Brexit ile BK vatandaşlarının AB’de serbest dolaşımı sona erdi. Artık BK pasaportu sahipleri AB sınırlarında “AB/AEA/İsviçre vatandaşları” için ayrılan hızlı geçiş noktalarını kullanamıyor. BK vatandaşları, 180 gün içinde en fazla 90 gün AB ülkelerinde vizesiz kalabiliyor. AB vatandaşları ise BK’de 6 aya kadar vizesiz seyahat edebiliyor.

 2025’te AB, yeni bir Giriş-Çıkış Sistemi (EES) getirecek. Bu sistem, AB dışından gelen yolcuların biometrik verilerini (parmak izi ve yüz taraması) kaydedecek. EES, pasaport damgalamanın yerini alacak. Seyahat sektöründe bazı uzmanlar, bu sistemin sınır geçişlerinde gecikmelere neden olabileceğinden endişeli.

Bunun yanı sıra Avrupa Seyahat Bilgi ve Yetkilendirme Sistemi (ETIAS) da 2025’te yürürlüğe girecek. BK vatandaşlarının AB’ye gitmeden önce ETIAS onayı alması gerekecek. Başvuru ücreti 7 avro (yaklaşık 5,90 sterlin) olacak ve izin üç yıl boyunca geçerli olacak.

 BK de benzer bir uygulama getiriyor. 2 Nisan 2025’ten itibaren AB vatandaşları BK’ye seyahat etmek için Elektronik Seyahat Yetkilendirme (ETA) alacak. ETA’nın ücreti 16 sterlin olacak.

4- Yasalar

 Brexit ile BK, AB yasalarına tabi olmaktan çıktı. Ancak geçiş sürecinde binlerce AB yasası, “muhafaza edilen AB yasaları” olarak BK hukuk sistemine aktarıldı.

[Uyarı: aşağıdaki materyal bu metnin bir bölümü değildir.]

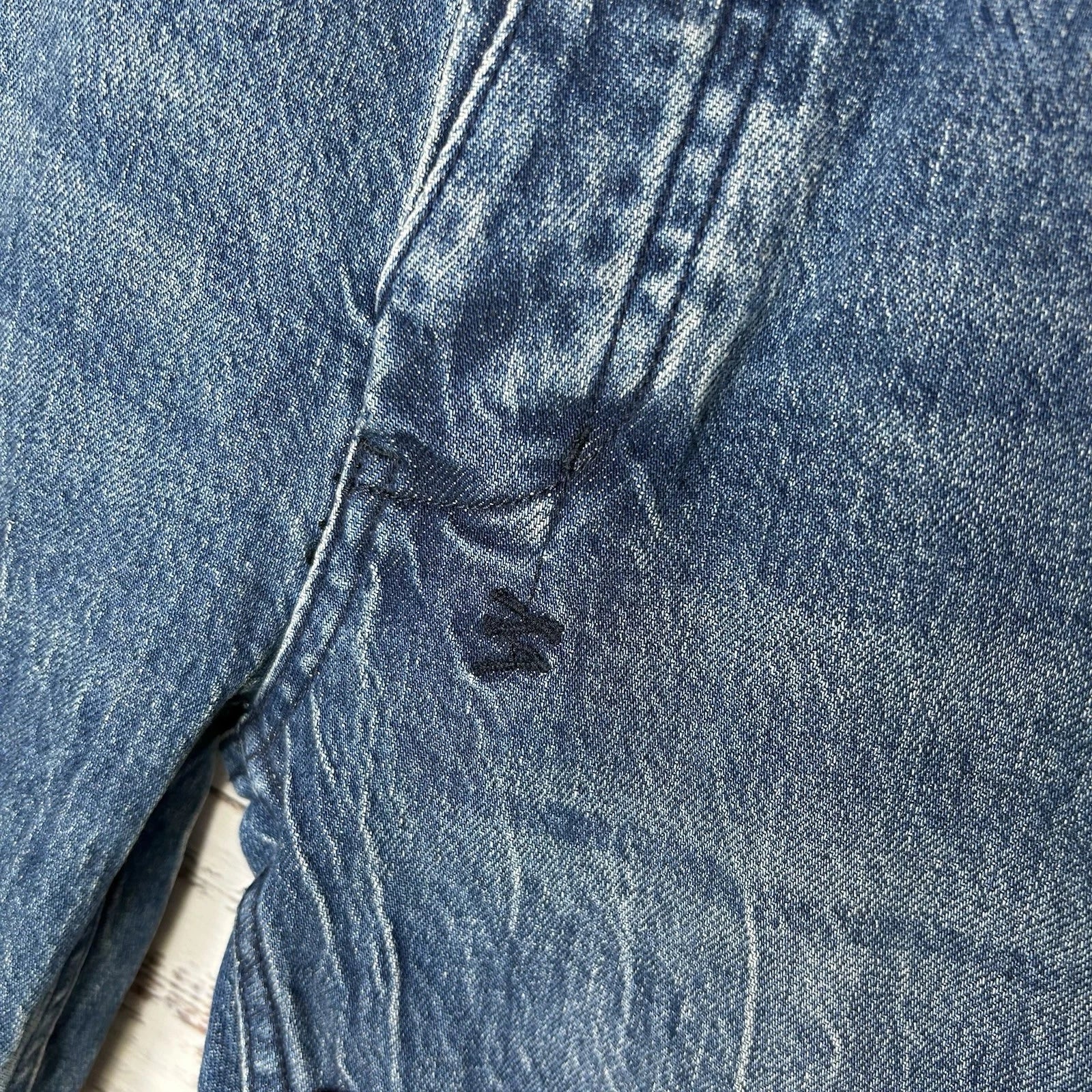 Ksubi blue denim close-up with embroidered logo, ideal for casual everyday comfort.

 İlk başta hükümet, 2023 sonuna kadar 6.901 AB yasasını yürürlükten kaldırmayı planladı. Ancak bu hedefe ulaşılamadı. Şimdiye kadar yalnızca 600 yasa kaldırıldı, 500’e yakını ise finans sektörüyle ilgili olduğu için bekletiliyor.

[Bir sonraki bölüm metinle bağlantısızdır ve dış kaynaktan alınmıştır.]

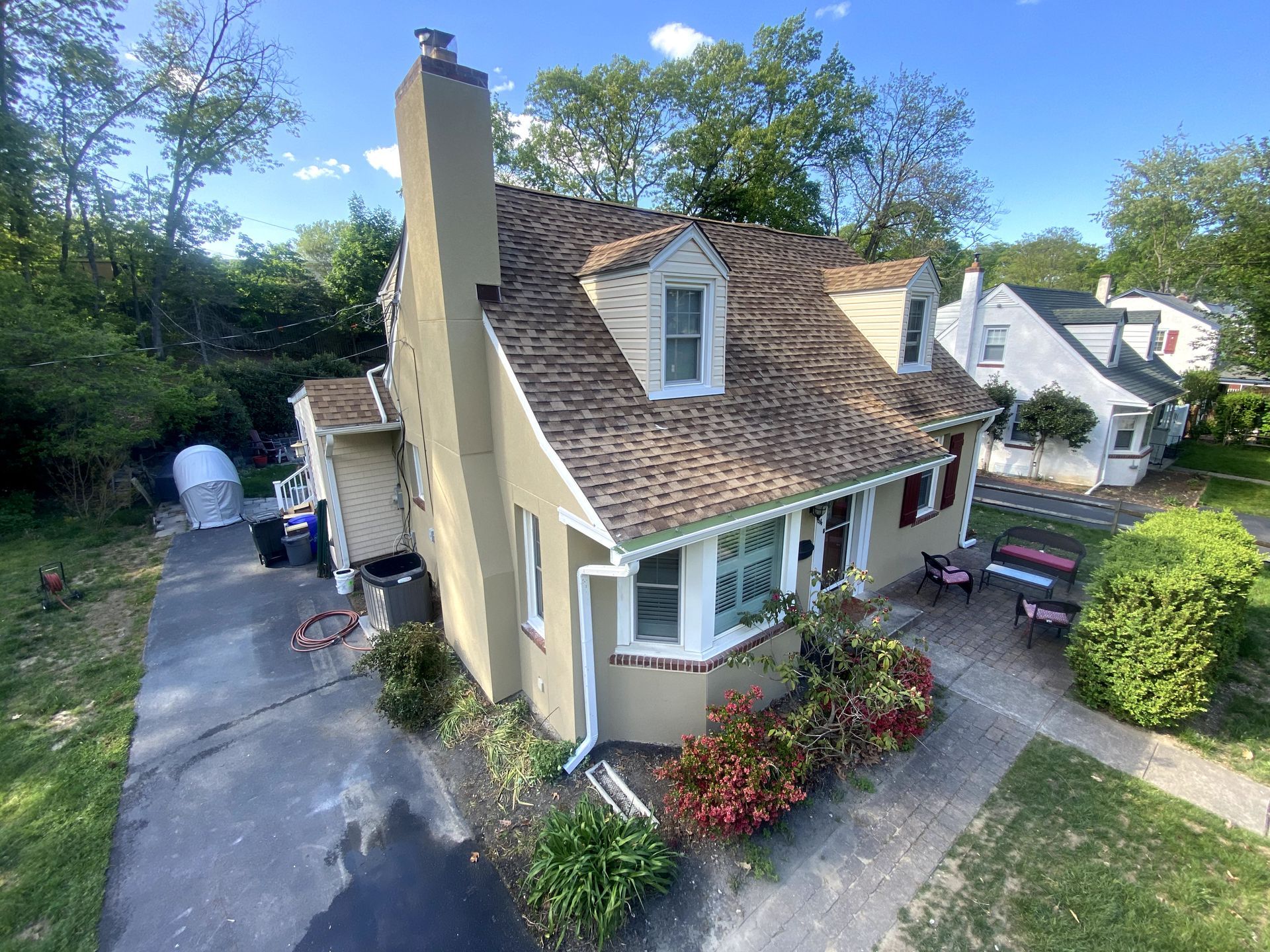An aerial view of a house with a new roof.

BK, AB’den ayrıldıktan sonra bazı düzenlemeleri değiştirdi. Örneğin: Hayvan refahı yasalarında değişiklik yapılarak canlı hayvan ihracatı yasaklandı. Gen düzenleme teknolojileriyle ilgili kurallar esnetildi. AB’nin engellediği vergi değişiklikleri uygulanabildi. (Örneğin özel okul ücretlerine KDV eklenmesi ve hijyen ürünlerinde KDV’nin sıfırlanması gibi).

5- Ekonomi ve Finans

 2016’daki Brexit kampanyasında, BK’nin AB’ye haftada 350 milyon sterlin ödediği iddiası gündeme gelmişti. 2019-2020 mali yılında BK’nin AB bütçesine yaptığı toplam ödeme 18,3 milyar sterlin (haftalık 352 milyon sterlin) oldu. Ancak bu paranın bir kısmı, çiftçi destekleri ve ekonomik yardımlar yoluyla BK’ye geri dönüyordu.

 AB’ye yapılan net ödeme, yaklaşık 9 milyar sterlin olarak hesaplanıyor. BK ayrıca, AB ile yaptığı Brexit Anlaşması gereği 2021-2023 arasında AB’ye 14,9 milyar sterlin ödeme yaptı ve 2024 sonrası 6,4 milyar sterlin daha ödemesi bekleniyor.

Ayrıca BK, Brexit sonrası bilimsel araştırmalara fon sağlayan Horizon Avrupa programından ayrıldı, ancak 2023’te yeniden katıldı. Bu programa yıllık yaklaşık 2 milyar sterlin ödeme yapacak, ancak BK üniversiteleri bu fondan daha fazla hibe kazanabilir.